Flamme indépendantiste
Le débat est toutefois corsé par la flamme indépendantiste écossaise qui croît depuis quelques années. Le parti indépendantiste SNP, pro-européen, fait campagne en faveur du Remain (« rester » dans l’UE). Pour auant, sa direction n’a pas voulu s’associer au mouvement Britain Stronger in Europe, pour ne pas avoir à faire front commun avec le Premier ministre conservateur David Cameron. Du côté de Scotland Stronger in Europe, les militants revendiquent leur différence. « Nous essayons de mener une campagne anti-Brexit positive. Nous n’expliquons pas aux gens ce qu’ils perdraient en quittant l’UE, mais plutôt ce qu’ils ont déjà gagné grâce à elle », indique Jess.
Sur le terrain, les indépendantistes sont partagés. « Si le Leave [« quitter » l’UE] l’emporte, nous aurons un gouvernement conservateur encore plus à droite, encore plus libéral, qui mettrait en place encore plus de mesures d’austérité pour nous en Ecosse », craint Brian, ingénieur à la retraite. Sympathisant du SNP, il était jusqu’ici indécis, mais l’assassinat de la députée Jo Cox l’a finalement décidé à voter Remain (un phénomène que les médias britanniques ont baptisé « The Jo effect », ou « l’effet Jo »).
A l’instar de Brian, une partie des indépendantistes écossais voit Bruxelles comme un éventuel « tampon » permettant d’amortir la politique de David Cameron, jugée trop libérale et pas assez sociale. « L’Europe sociale, on ne la fera pas en quittant l’Union, en fermant notre pays au monde », estimait Alyn Smith, membre du SNP et député européen interrogé par L’Humanité.
Une partie des indépendantistes fait un autre pari, misant sur le Brexit pour relancer le débat sur l’indépendance de l’Ecosse. Nicola Sturgeon, Premier ministre écossaise, a sous-entendu que si le Brexit avait lieu malgré une majorité pro-européenne en Ecosse, elle pourrait décider d’organiser un nouveau référendum sur l’indépendance.
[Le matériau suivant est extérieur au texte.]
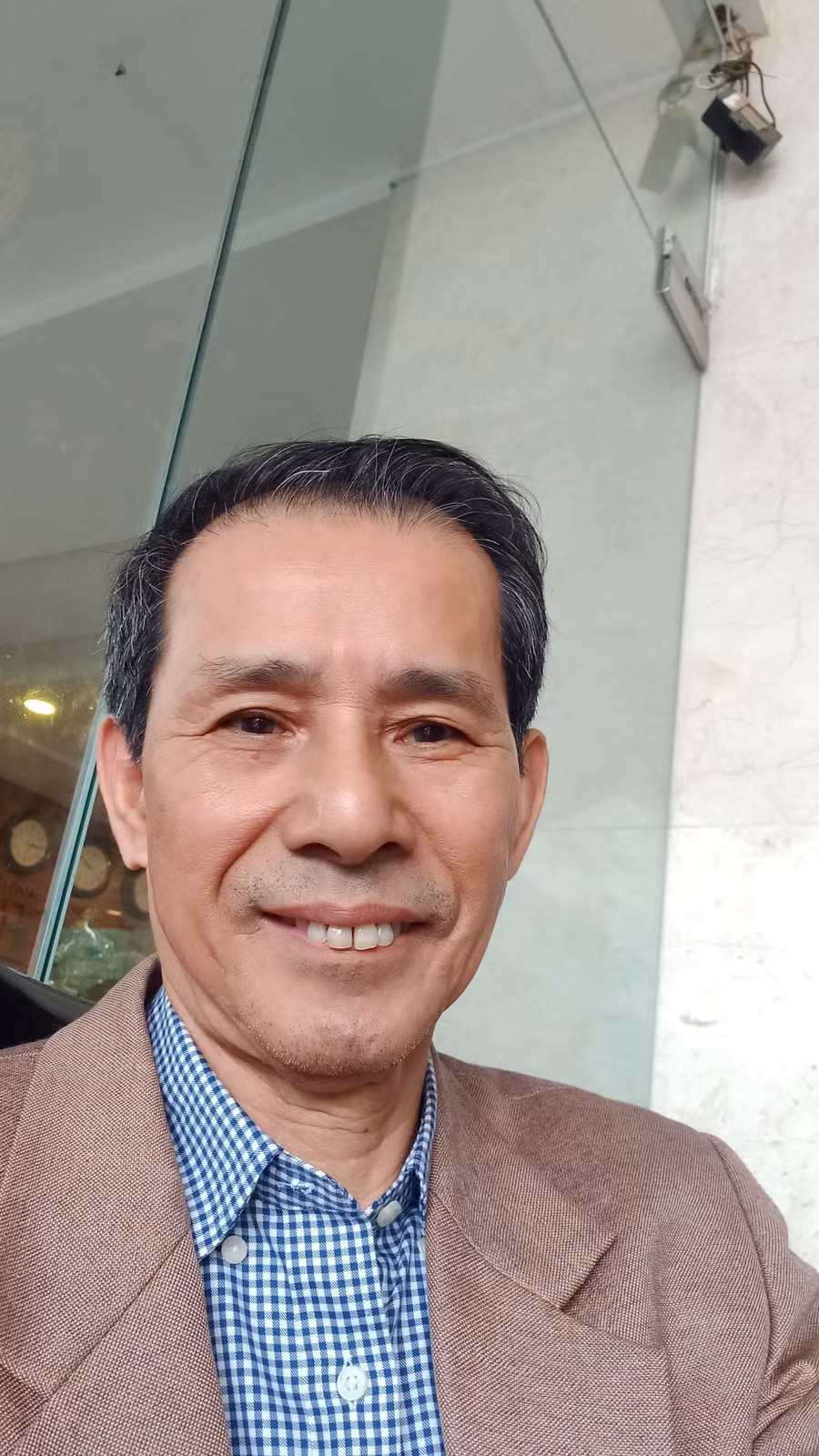 Nhà lý luận phê bình Bùi Việt Thắng.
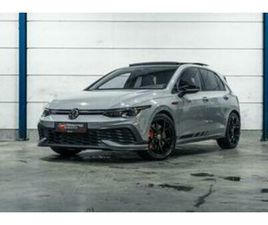 ② VOLKSWAGEN GOLF GTI 2.0 TSI CLUBSPORT DSG PANO/H&K/IQ LED — VOLKSWAGEN — 2EMEMAIN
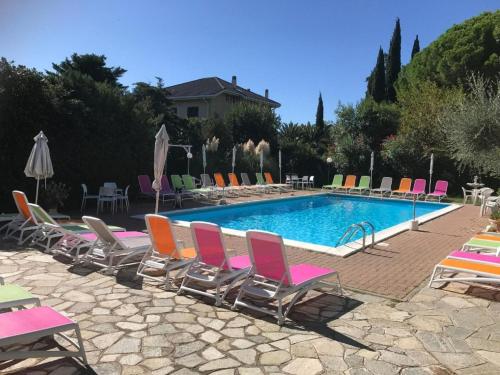 Cozy Holiday Home in Loano in a delightful area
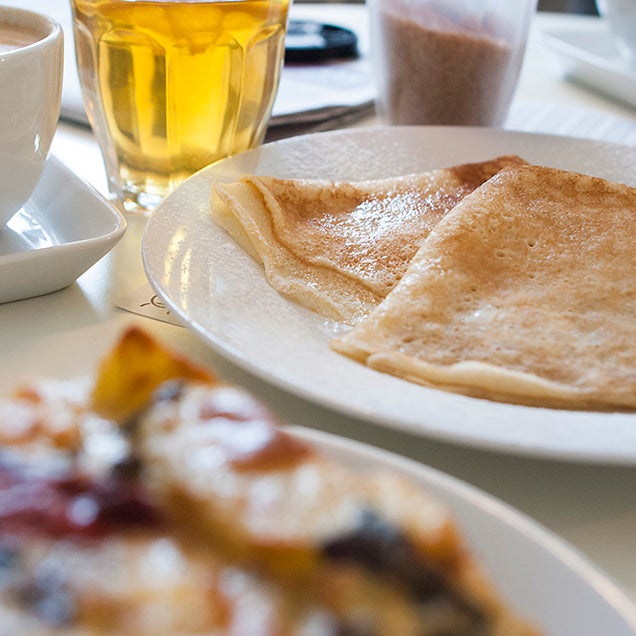 breakfast photo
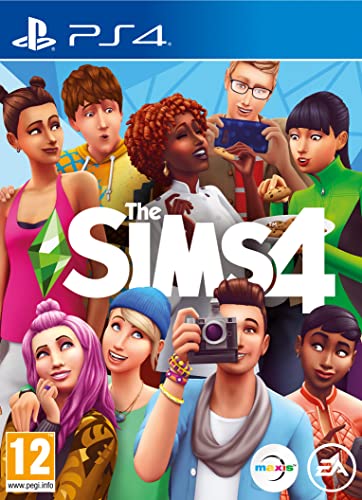 The Sims 4 (PS4)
Dans les rues de Glasgow, Jess reconnaît qu’une défiance historique vis-à-vis de Londres pousse certains Ecossais europhiles à voter Leave. C’est le cas de George, 57 ans. « Le Brexit ne serait pas bon pour l’Ecosse, mais s’il avait lieu, ce serait l’occasion prendre notre indépendance », lance ce sympathisant du SNP planté au milieu de la très animée Jamaica Street. Après avoir perdu son emploi il y a deux ans, il a dû accepter un petit boulot d’homme-sandwich.
A l’inverse, un Brexit pourrait faire basculer une frange des Ecossais du côté des indépendantistes. « J’ai voté contre l’indépendance lors du référendum de 2014 [comme 55 % des électeurs écossais], mais si le Royaume-Uni quitte l’UE, je devrai complètement revoir ma position », songe Ewen, 24 ans, employé du secteur bancaire.
Associé à la question de l’indépendance écossaise, le débat sur le Brexit devient un cocktail explosif et imprévisible qui laisse nombre d’électeurs perplexes. Le journal écossais The Scotsman a préféré en rire ce lundi, soulignant l’absurdité de la situation à grand renfort d’antithèses. « La dernière fois, “oui” signifiait partir et “non” rester. Et maintenant, “non” signifie partir et “oui” rester. Et cela pourrait signifier que “oui” voudra à nouveau dire partir et “non” voudra dire rester ».